U.S. veteran Kerrey refuses to step down from Fulbright University Vietnam

By Kim Thuy   June 8, 2016 | 11:43 am GMT+7
U.S. veteran Kerrey refuses to step down from Fulbright University Vietnam
Bob Kerrey. Photo by AP

Former U.S. Senator Bob Kerrey has said that the backlash from his appointment as chair of Vietnam's first American-style, non-profit university will not stop him from moving forward to help advance the university.

Kerrey’s appointment at Fulbright University (FUV) has opened up old wartime wounds, fueling debate among the pubic who have recalled his role in a traumatic massacre in the peasant village of Thanh Phong in the southern province of Ben Tre during the American-Vietnam War.

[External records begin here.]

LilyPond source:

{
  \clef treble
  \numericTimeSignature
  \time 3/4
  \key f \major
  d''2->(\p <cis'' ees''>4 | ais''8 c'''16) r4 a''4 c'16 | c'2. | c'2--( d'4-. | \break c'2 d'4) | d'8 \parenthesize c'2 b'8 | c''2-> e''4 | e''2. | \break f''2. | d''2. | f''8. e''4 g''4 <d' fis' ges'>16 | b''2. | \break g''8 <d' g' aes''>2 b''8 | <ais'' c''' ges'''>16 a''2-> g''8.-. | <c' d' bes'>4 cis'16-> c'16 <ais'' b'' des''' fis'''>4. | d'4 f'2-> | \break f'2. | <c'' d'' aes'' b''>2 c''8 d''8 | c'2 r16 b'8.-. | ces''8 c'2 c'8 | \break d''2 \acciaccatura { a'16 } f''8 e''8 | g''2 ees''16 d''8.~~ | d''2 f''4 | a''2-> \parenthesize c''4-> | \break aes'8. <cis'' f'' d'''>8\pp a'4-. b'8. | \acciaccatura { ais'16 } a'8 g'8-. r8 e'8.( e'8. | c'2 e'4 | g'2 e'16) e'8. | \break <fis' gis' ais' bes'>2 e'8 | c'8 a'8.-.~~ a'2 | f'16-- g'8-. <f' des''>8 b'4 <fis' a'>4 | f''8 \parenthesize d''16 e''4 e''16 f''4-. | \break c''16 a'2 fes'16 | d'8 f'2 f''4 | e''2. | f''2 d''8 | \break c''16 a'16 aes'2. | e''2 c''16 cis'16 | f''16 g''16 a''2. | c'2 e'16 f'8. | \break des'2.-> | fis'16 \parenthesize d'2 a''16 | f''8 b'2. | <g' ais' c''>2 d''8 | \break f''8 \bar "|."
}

When asked by Here & Now's Robin Young if he would step down from his position if it became an issue, he said no.

"If it was an American university maybe I would step down, but it's not; it's a Vietnamese university and the secretary of the party of Ho Chi Minh City fully supports the efforts and my measurement is that if I were to step down it would hurt the project," said Kerrey. 

On February 25, 1969, Kerrey led a Swift Boat raid on the village targeting a communist leader whom intelligence suggested would be there. The village was considered part of a free-fire zone by the U.S. military.

However, the brutal operation went horribly wrong and at least 14 villagers, including women and children, were killed.

Fulbright University Vietnam in Ho Chi Minh City, will be open in September this year with a Masters in Public Policy. The U.S. government has committed to contribute more than $20 million to the new university. 

Vietnam’s government had approved in principle the university’s legal status, its own seal and bank account, while putting the school’s education and training program under the management of the Ministry of Education and Training.